The 2018 CCRPI scores for Long County’s two elementary schools included Smiley and Walker. Until the current 2018-2019 school year, Smiley served students in grades Kindergarten through three, and Walker served grades four and five. The schools were at a disadvantage, score-wise, when compared to the state elementary score, Waters said. He explained that the state’s total elementary school CCRPI score rates grades Kindergarten through five, so the scores for both Smiley and Walker would be skewed. Smiley scored a total of 71 on the CCRPI; Walker scored a 67. Smiley Elementary now serves grades Kindergarten through two, and McClelland Elementary serves grades three through five. The schools will continue to be compared to the state's elementary score of Kindergarten through fifth grade.
Long County Middle School received an 80.4 total score, four points higher than the state’s total CCRPI for middle schools. Long County High School received a 73.3 total CCRPI.
In addition, LCHS had a 91.3 percent total graduation rate, which was higher than the state’s 82 percent graduation rate.
Waters added that the district’s CCRPI scores were better than school systems of similar size in the region, including those of Evans, Tattnall and McIntosh counties. These small, rural school districts had lower 2018 CCRPI Regional Educational Service Agency (RESA) scores than Long’s. However, he advised that some comparisons cannot be made.
Waters said 76.8 percent of its students are economically disadvantaged, and the student population can also be characterized as somewhat transient, due to the number of military families whose children attend Long County schools. In neighboring Wayne County – which also has many students on reduced and free meals –– there is not the same student turnover as there is in Long, the superintendent said.

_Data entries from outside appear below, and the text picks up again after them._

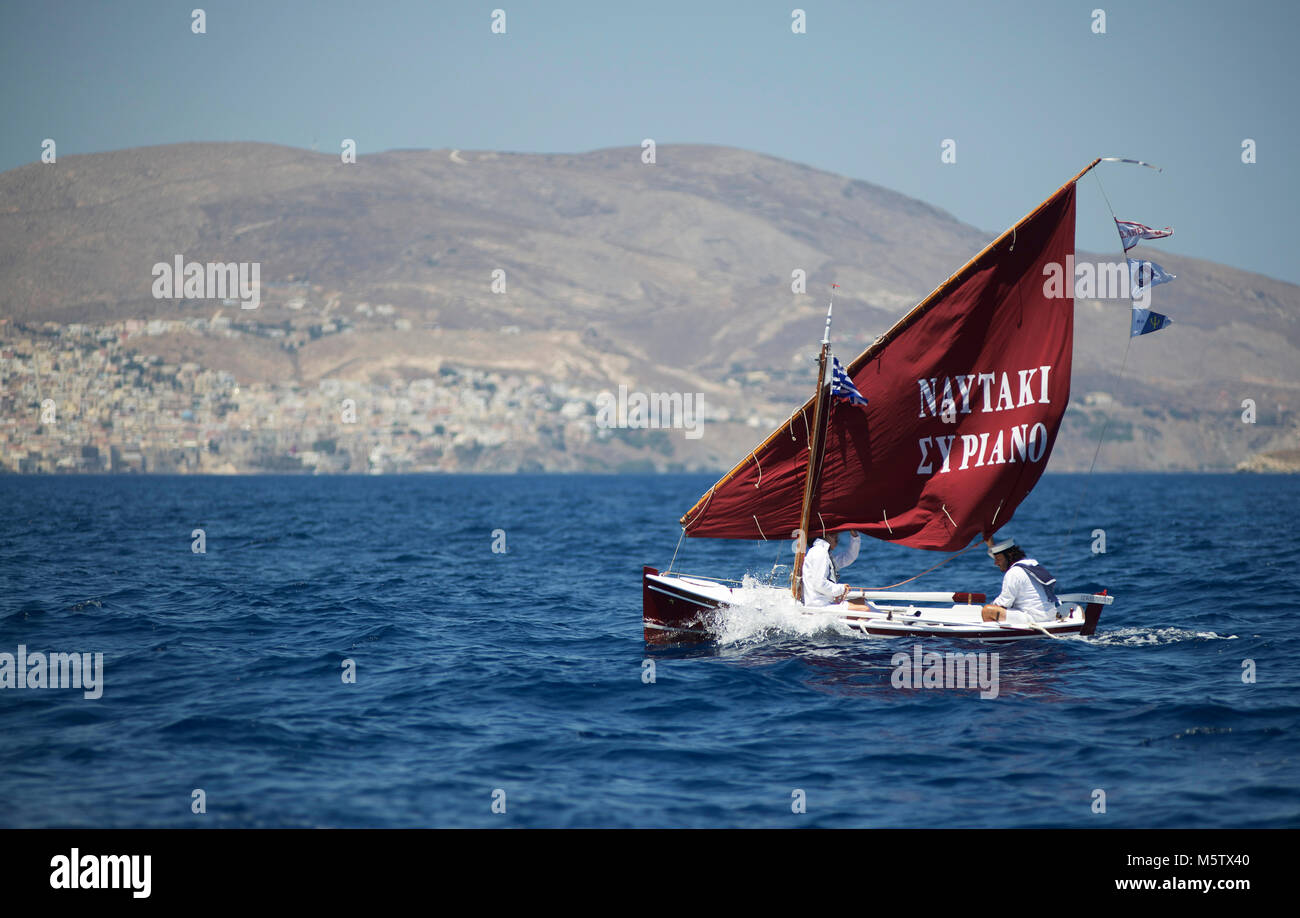 Isabella M Segeln aus Syros zu Beginn der Hanse Classic Yacht Race. Die Stadt Ermoupolis erhebt sich der Hügel hinter. Stockfoto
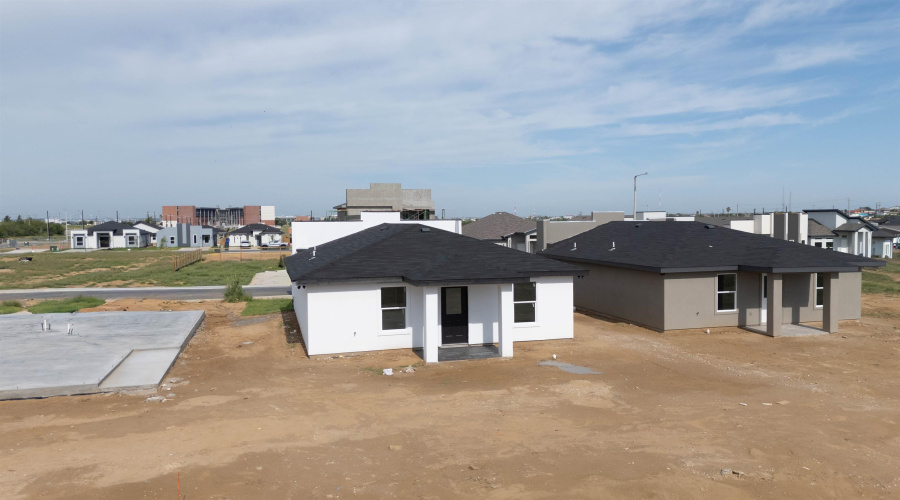 5059 Luna Grande Lp., Laredo, Texas 78046, 3 Bedrooms Bedrooms, 5 Rooms Rooms,2 BathroomsBathrooms,Residential,For Sale,5059 Luna Grande Lp.,20263938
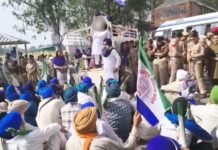 काहनूवान में भगवंत मान की रैली से पहले किसानों और पुलिस में झड़प, गुरदासपुर रोड पर जाम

Waters also offered school board members comparisons of previous years’ graduation rates to the 2018 rates, both four- and five-year cohorts, to show overall improved rates. In 2016 the four-year cohort graduation rate was 89.01. Two years later it was 92.37. The five-year cohort graduation rate was 83.62 in 2016, and 89.27 in 2018; a slight dip, as it was 90.26 in 2017, according to Waters.